North Carolina/Tennessee, Part One: Days Like Smoke

Days 23-26:

I woke up in Fontana buzzing with energy and excitement. With a shower, fresh KT tape on a decreasingly painful knee, and one of my most looked-forward-to sections waiting just ahead – I couldn’t wait to get going.

After depositing my permit in the self-clearing permit box (I’d purchased and printed this out at the Nantahala Outdoor Center,) I hiked just over 8 miles to the first tent site in the smokies – wanting to get one last night in my tent before I had to sleep in shelters.

The first snake of the hike was guarding the entrance to the Smokies. Spooky.

The Smokies are a very popular backpacking destination, and because of this, you’re only allowed to sleep in the shelters or (if the shelters are full,) in the shelter area. This helps rangers keep track of who is hiking where, and consolidates human impact on the park, along with a host of other benefits I’m likely not aware of.

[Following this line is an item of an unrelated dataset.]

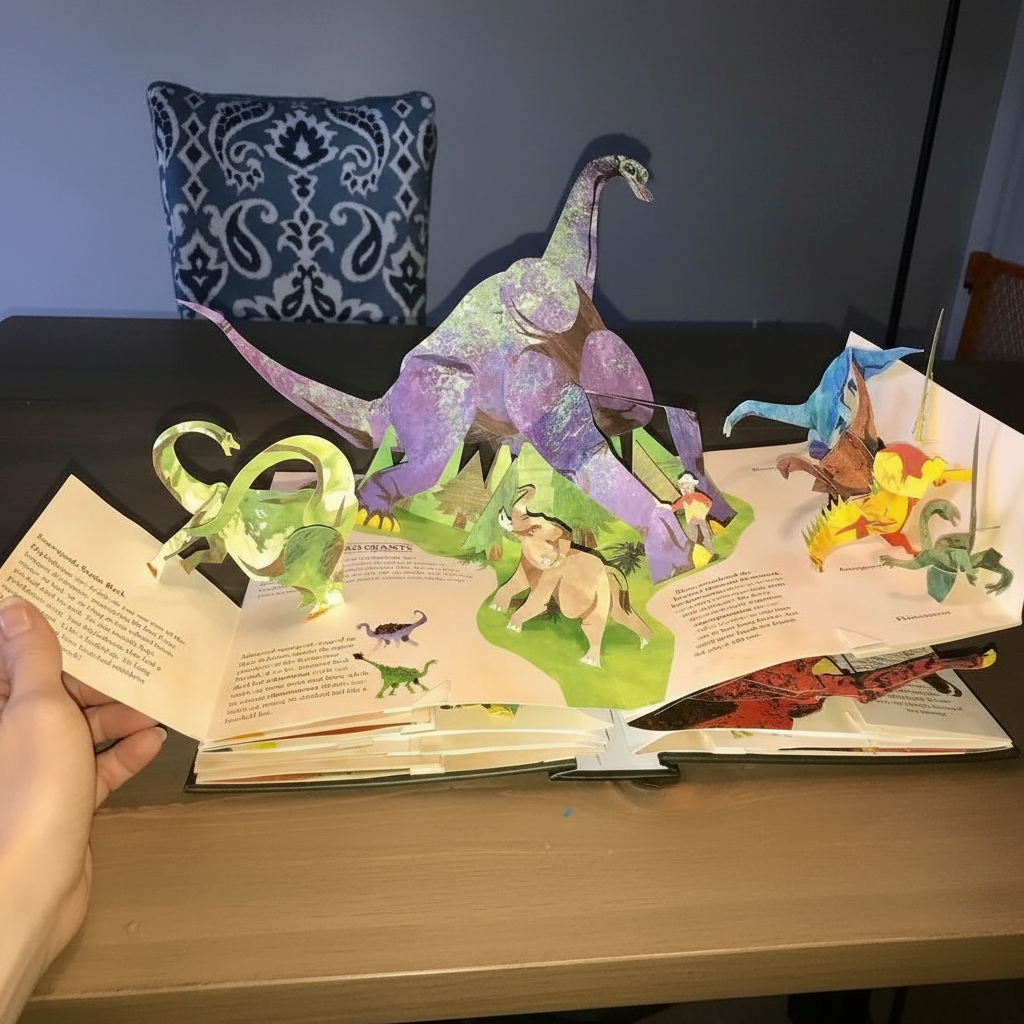 DINOPOP – Interactief 3D-pop-upboek met dinosaurussen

There’s a lot of good-natured grumbling in camp about this system (especially about the rule that, if a section hiker walks up to a full shelter, thru-hikers are technically supposed to vacate to make room for them…) but there’s also a general sense that the rules are for the good of the park, and we’re all about preserving and protecting wild spaces out here.

Because I did low miles that day, I had some time to sit around the fire, leisurely make dinner, and catch up with some friends. As we sat around the fire chatting, a dull roar echoed in the trees and we all fell silent, heads cocked, listening. Then, the roar grew deafening, and rain swept through the campsite. We all scrambled for our tents, and that was the end of socializing for the evening. It rained all night and throughout the next day.

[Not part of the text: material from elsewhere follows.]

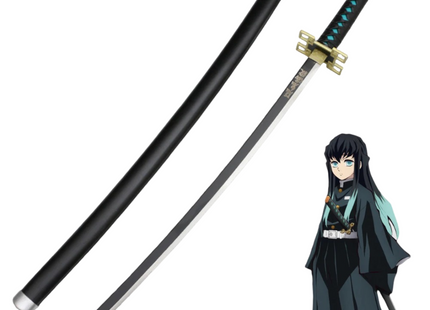 Katana Nichirin de Muichiro Tokito Hoja Acero + Vaina - Demon Slayer 100cm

The mud that greeted us the next morning was unbelievable but, I suspect, just a small glimpse of what is waiting for us in Vermud (Vermont.) The trail was, in a word, treacherous. It was either swiftly running water or a mud pit the entire day. I experienced my first good fall here, and luckily didn’t hurt anything but my pride. It rained the next day too.

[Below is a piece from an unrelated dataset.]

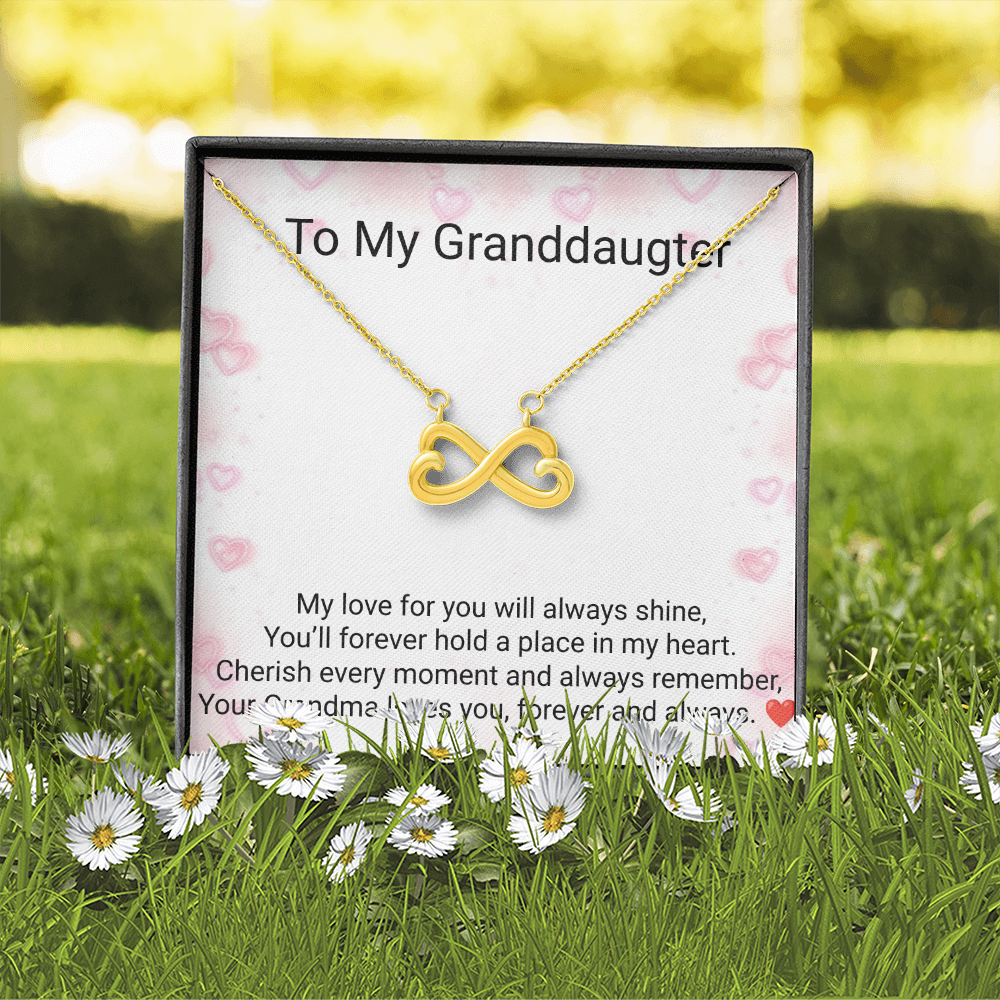 Granddaughter Endless Love Necklace – Heartfelt Gift from Grandma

On day 25, I got a break from the rain, decided to push it, and cranked out my first 20-mile day of the hike. Past Clingman’s Dome and the gawking tourists (a couple hilariously even took a picture of me as I took this picture of my pack,) past the 200 mile mark, into the beautiful mist-laden pine forests I’d been dreaming of.

The next morning, I walked through the misting rain to Newfound Gap – one of the most personally significant places to me on trail.

What’s In A Trail Name?

When I introduce myself as Newfound on trail, I also have to explain how I got the name. Everyone out here has a story behind their trail name. Some are funny, long-winded stories, others come from previous trails, many are given; some are names that people have given to themselves – and all are meaningful in some way, even if they’re silly on the surface.

Our names are part of us, and their stories are one of the first exchanges you make when you meet someone new.

I chose my own name for a multitude of reasons, but this is the elevator-pitch version I tell to new acquaintances on trail:

In 2017, I stood on the Appalachian trail at Newfound Gap… and knew that one day, I would be there again, thru-hiking.

I knew it in a strange way, a deep-down-in-your-bones way that surprised and terrified me and thrilled me all at once. I’m staunchly agnostic after a Southern Baptist childhood and Catholic convert young adulthood (got all the church out of my system;) I am not spiritual or religious at all.

But that moment at Newfound Gap is etched into my memory as only the most significant memories are – even though all I did that day was go on a pretty insignificant day hike along the AT. It wasn’t a “Hm, I would like to do this one day, maybe?” moment. It was a deep, sudden, lightbulb-moment realization that one day, I would thru-hike.

It was especially strange considering that while I had car camped for years, I had never once backpacked at that point in my life.

Sometimes, I’ll tell new trail friends a lighter, more amusing version of this story: how I got back into my car at Newfound Gap in a daze, turned to my then-husband, and expressed a desire to thru-hike. How he’d laughed it off and discounted the idea immediately. And how my thru-hike then became a bit of a post-divorce “victory lap.”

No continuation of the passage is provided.